━━ GIVEN RECORDS
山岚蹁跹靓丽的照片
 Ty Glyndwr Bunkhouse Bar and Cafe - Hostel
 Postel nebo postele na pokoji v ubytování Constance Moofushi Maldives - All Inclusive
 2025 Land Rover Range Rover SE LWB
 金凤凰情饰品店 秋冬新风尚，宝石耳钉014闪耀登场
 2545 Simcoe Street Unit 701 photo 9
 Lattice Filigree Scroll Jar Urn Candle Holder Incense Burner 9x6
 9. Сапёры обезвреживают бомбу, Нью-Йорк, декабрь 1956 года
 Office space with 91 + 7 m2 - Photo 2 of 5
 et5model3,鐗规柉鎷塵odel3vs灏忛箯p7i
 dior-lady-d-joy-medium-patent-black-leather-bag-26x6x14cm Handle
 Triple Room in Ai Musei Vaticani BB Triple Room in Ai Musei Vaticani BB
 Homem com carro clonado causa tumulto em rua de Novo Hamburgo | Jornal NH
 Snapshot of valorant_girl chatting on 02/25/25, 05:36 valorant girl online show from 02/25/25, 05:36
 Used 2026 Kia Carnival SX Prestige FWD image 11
━━━━
### WORK TO BE COMPLETED
Copy every line above without altering a word.

### REPLY
山岚蹁跹靓丽的照片
 Ty Glyndwr Bunkhouse Bar and Cafe - Hostel
 Postel nebo postele na pokoji v ubytování Constance Moofushi Maldives - All Inclusive
 2025 Land Rover Range Rover SE LWB
 金凤凰情饰品店 秋冬新风尚，宝石耳钉014闪耀登场
 2545 Simcoe Street Unit 701 photo 9
 Lattice Filigree Scroll Jar Urn Candle Holder Incense Burner 9x6
 9. Сапёры обезвреживают бомбу, Нью-Йорк, декабрь 1956 года
 Office space with 91 + 7 m2 - Photo 2 of 5
 et5model3,鐗规柉鎷塵odel3vs灏忛箯p7i
 dior-lady-d-joy-medium-patent-black-leather-bag-26x6x14cm Handle
 Triple Room in Ai Musei Vaticani BB Triple Room in Ai Musei Vaticani BB
 Homem com carro clonado causa tumulto em rua de Novo Hamburgo | Jornal NH
 Snapshot of valorant_girl chatting on 02/25/25, 05:36 valorant girl online show from 02/25/25, 05:36
 Used 2026 Kia Carnival SX Prestige FWD image 11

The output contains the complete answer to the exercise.